→ ASSIGNMENT
Keep to one stretch of the data below, the lines from the one with "班俏BANQIAO2023新" up to and including the one with "JUNG - SCHUKO Steckdose", and return that stretch exactly.

-- DATASET EXTRACT follows --

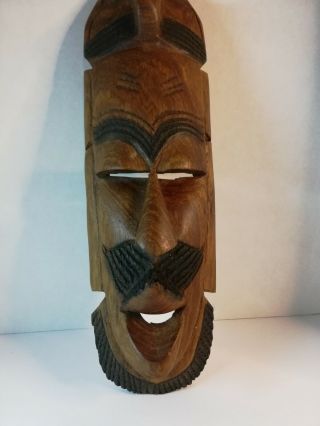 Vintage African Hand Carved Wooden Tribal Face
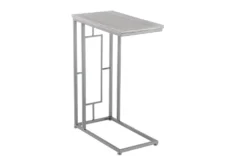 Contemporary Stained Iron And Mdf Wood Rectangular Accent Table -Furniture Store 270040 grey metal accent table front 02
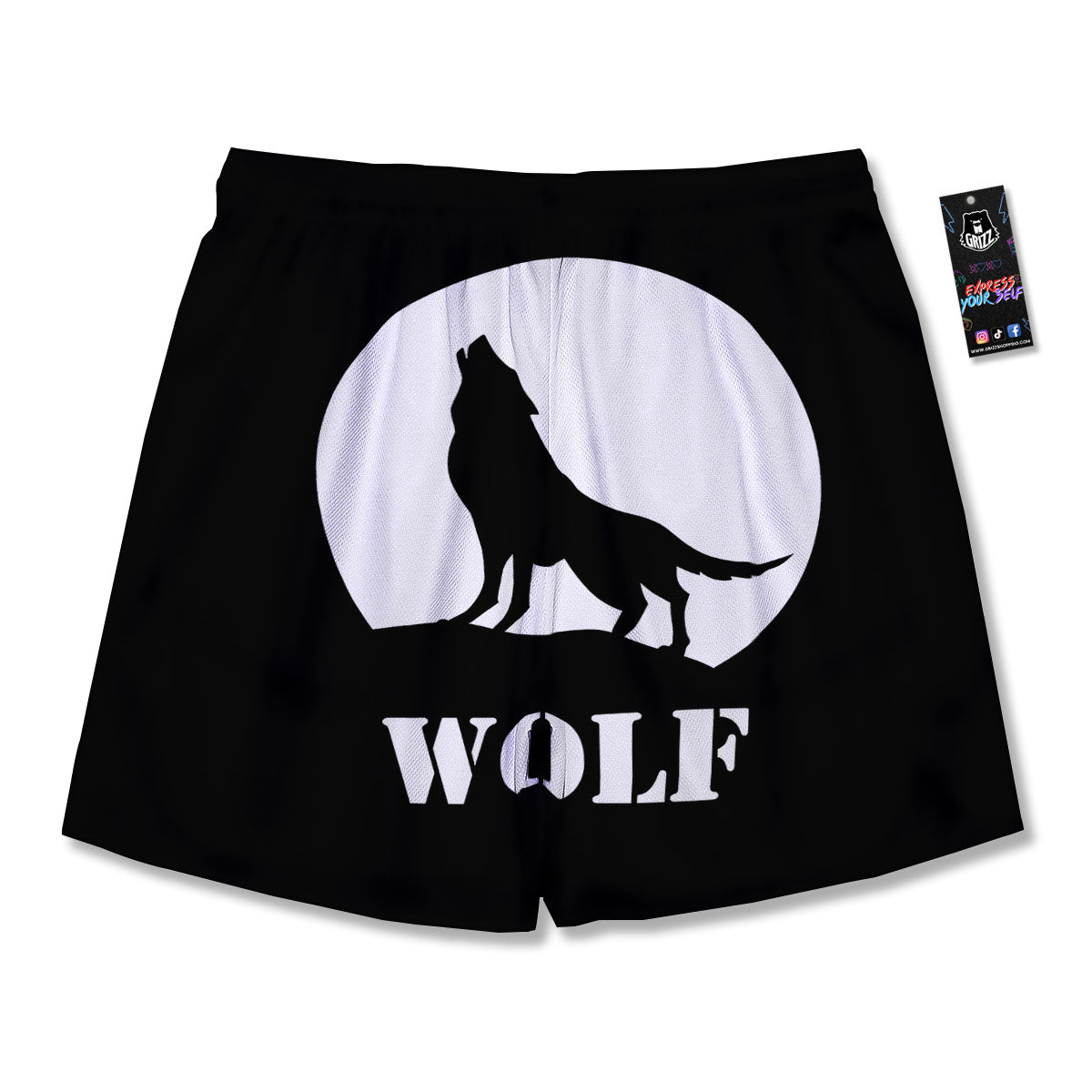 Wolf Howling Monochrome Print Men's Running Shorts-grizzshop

-- DATASET EXTRACT concluded --
-- DATASET EXTRACT follows --

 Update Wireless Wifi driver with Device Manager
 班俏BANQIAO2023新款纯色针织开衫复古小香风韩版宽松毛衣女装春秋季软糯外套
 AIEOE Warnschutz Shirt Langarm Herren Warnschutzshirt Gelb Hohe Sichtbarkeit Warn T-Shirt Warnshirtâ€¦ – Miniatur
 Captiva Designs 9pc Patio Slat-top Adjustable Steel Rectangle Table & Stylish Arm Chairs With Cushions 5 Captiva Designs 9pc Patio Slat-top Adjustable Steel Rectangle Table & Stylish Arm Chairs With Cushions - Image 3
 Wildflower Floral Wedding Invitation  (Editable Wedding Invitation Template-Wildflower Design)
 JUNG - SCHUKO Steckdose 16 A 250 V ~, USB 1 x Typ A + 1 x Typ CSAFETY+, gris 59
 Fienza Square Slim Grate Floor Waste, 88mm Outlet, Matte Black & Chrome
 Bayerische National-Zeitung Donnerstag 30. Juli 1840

-- DATASET EXTRACT concluded --
-- DATASET EXTRACT follows --

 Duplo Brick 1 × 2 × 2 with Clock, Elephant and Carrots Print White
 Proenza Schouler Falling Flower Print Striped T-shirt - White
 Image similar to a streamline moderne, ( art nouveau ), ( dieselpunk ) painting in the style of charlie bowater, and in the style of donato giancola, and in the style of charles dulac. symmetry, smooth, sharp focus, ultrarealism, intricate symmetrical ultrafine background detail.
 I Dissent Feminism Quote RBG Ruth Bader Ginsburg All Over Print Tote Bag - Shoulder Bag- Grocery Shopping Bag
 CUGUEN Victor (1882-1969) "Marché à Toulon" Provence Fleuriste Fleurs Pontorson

-- DATASET EXTRACT concluded --

→ FINAL ANSWER
 班俏BANQIAO2023新款纯色针织开衫复古小香风韩版宽松毛衣女装春秋季软糯外套
 AIEOE Warnschutz Shirt Langarm Herren Warnschutzshirt Gelb Hohe Sichtbarkeit Warn T-Shirt Warnshirtâ€¦ – Miniatur
 Captiva Designs 9pc Patio Slat-top Adjustable Steel Rectangle Table & Stylish Arm Chairs With Cushions 5 Captiva Designs 9pc Patio Slat-top Adjustable Steel Rectangle Table & Stylish Arm Chairs With Cushions - Image 3
 Wildflower Floral Wedding Invitation  (Editable Wedding Invitation Template-Wildflower Design)
 JUNG - SCHUKO Steckdose 16 A 250 V ~, USB 1 x Typ A + 1 x Typ CSAFETY+, gris 59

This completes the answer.